== Problem requirements ==
In your copy of the data, omit the pictures and keep all else exactly as given.

(Brief descriptive captions)

::::::

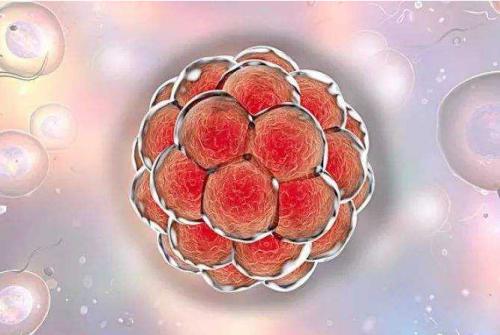 美国试管婴儿专家解惑：移植2~3个胚胎真能提高着床率吗？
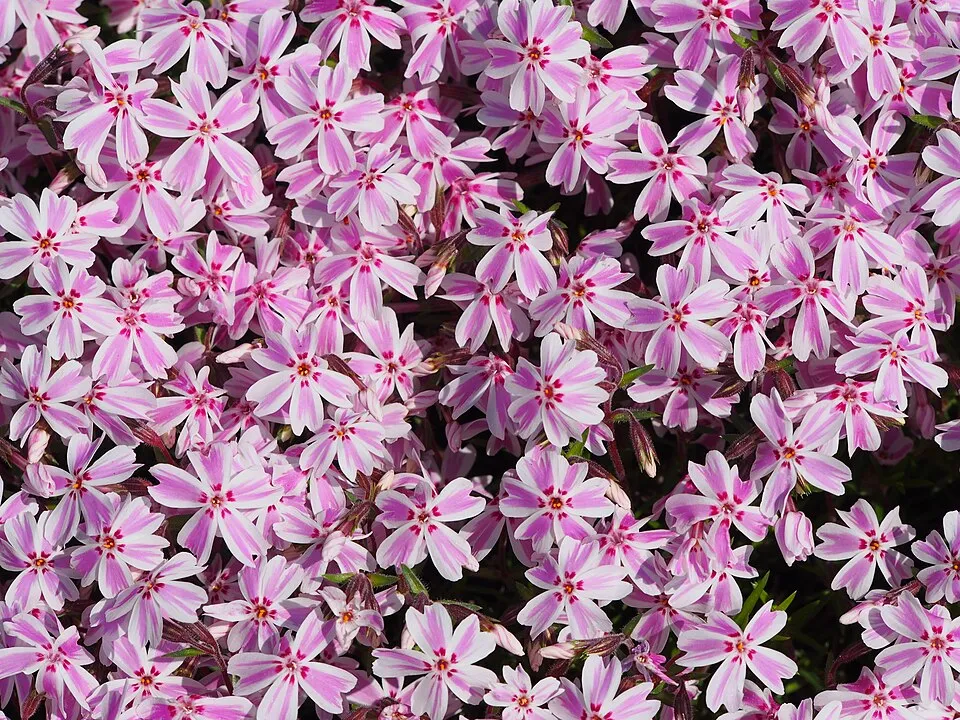 Árlevelű lángvirág / Phlox subulata 'Ruby Riot'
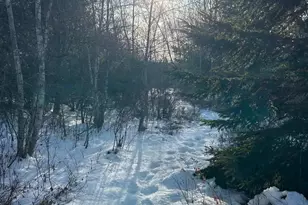 31 Wiswell Rd, Brewer, ME 04412 - Photo 51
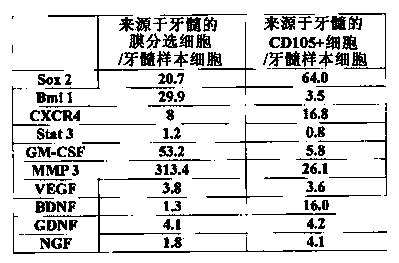 Membrane-separation-type culture device, membrane-separation-type culture kit, stem cell separation method using same, and separation membrane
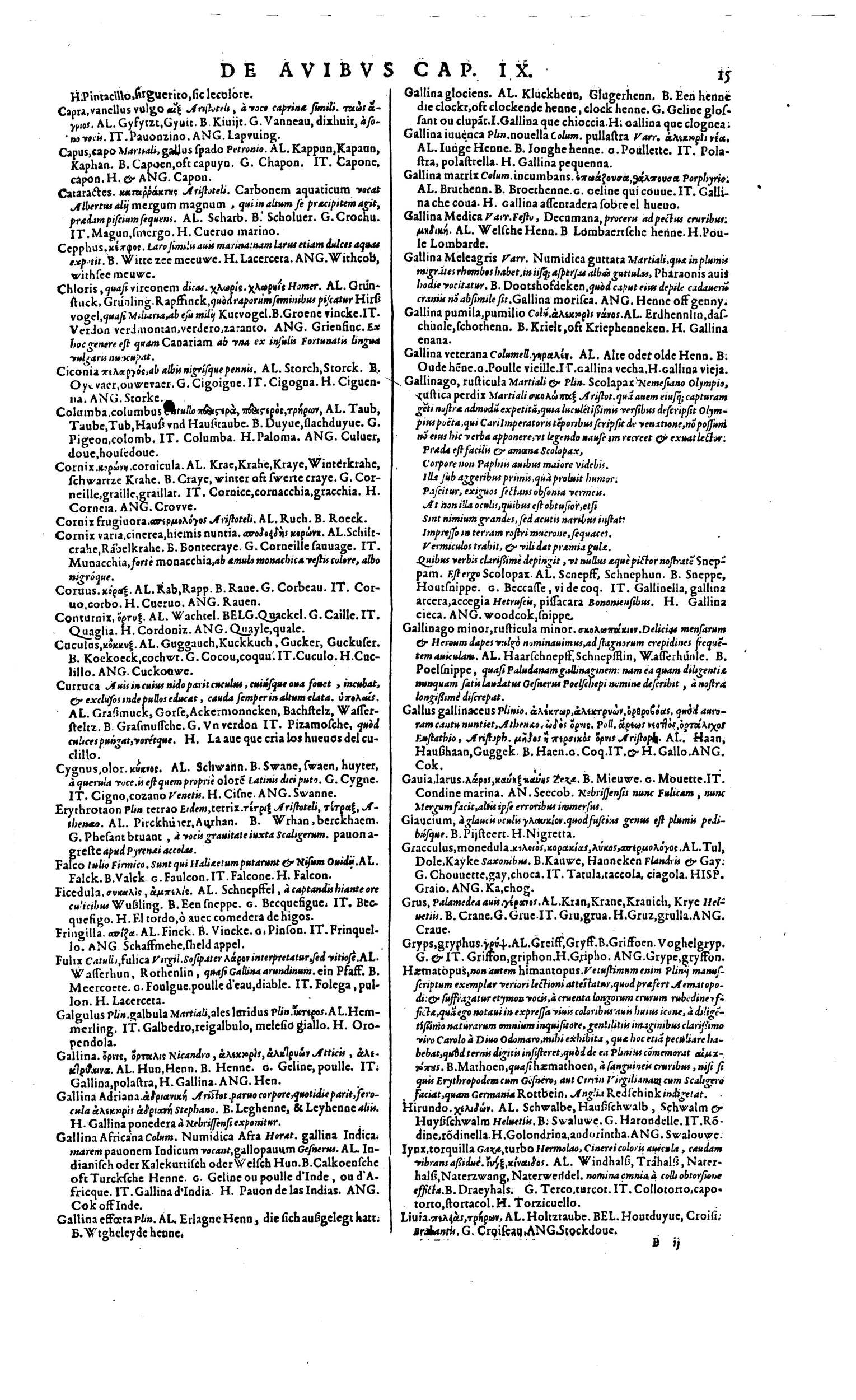 1606 - David Douceur - Trésor de la langue française - BM Lyon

::::::

== Reply to the task ==
 美国试管婴儿专家解惑：移植2~3个胚胎真能提高着床率吗？
 Árlevelű lángvirág / Phlox subulata 'Ruby Riot'
 31 Wiswell Rd, Brewer, ME 04412 - Photo 51
 Membrane-separation-type culture device, membrane-separation-type culture kit, stem cell separation method using same, and separation membrane
 1606 - David Douceur - Trésor de la langue française - BM Lyon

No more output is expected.